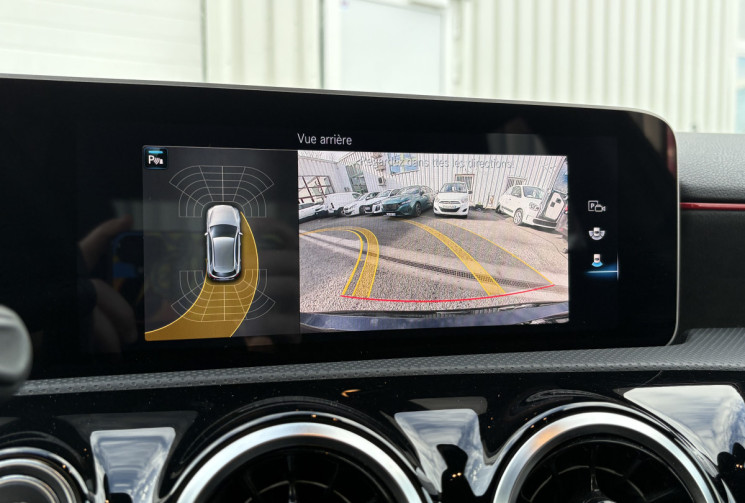 Mercedes Classe A 200 AMG Line 163 cv 7G-DCT * 1ère Main * Origine FRANCE * Caméra * Excellent Etat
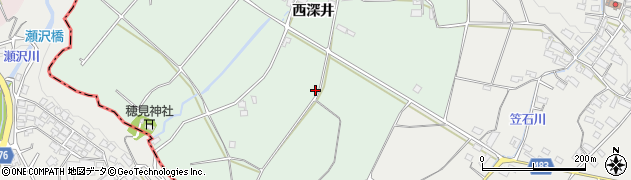 長野県東御市和426周辺の地図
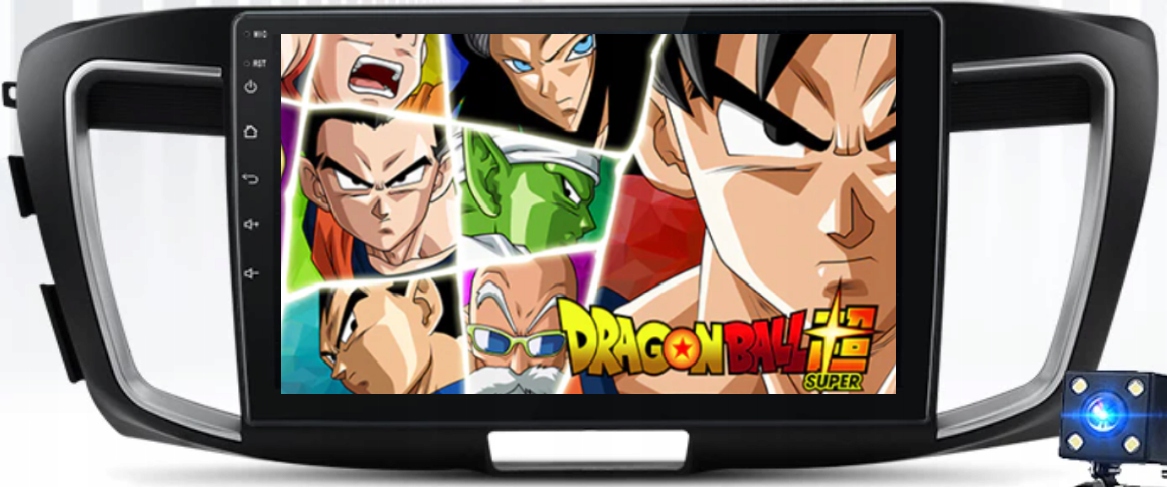 RADIO ANDROID HONDA ACCORD 9 2012-2018 2/32 DSP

■ ■ ■ ■ ■

Work request: Output the data above verbatim, pictures excluded.

Output for this exercise:
 Mercedes Classe A 200 AMG Line 163 cv 7G-DCT * 1ère Main * Origine FRANCE * Caméra * Excellent Etat
 長野県東御市和426周辺の地図
 RADIO ANDROID HONDA ACCORD 9 2012-2018 2/32 DSP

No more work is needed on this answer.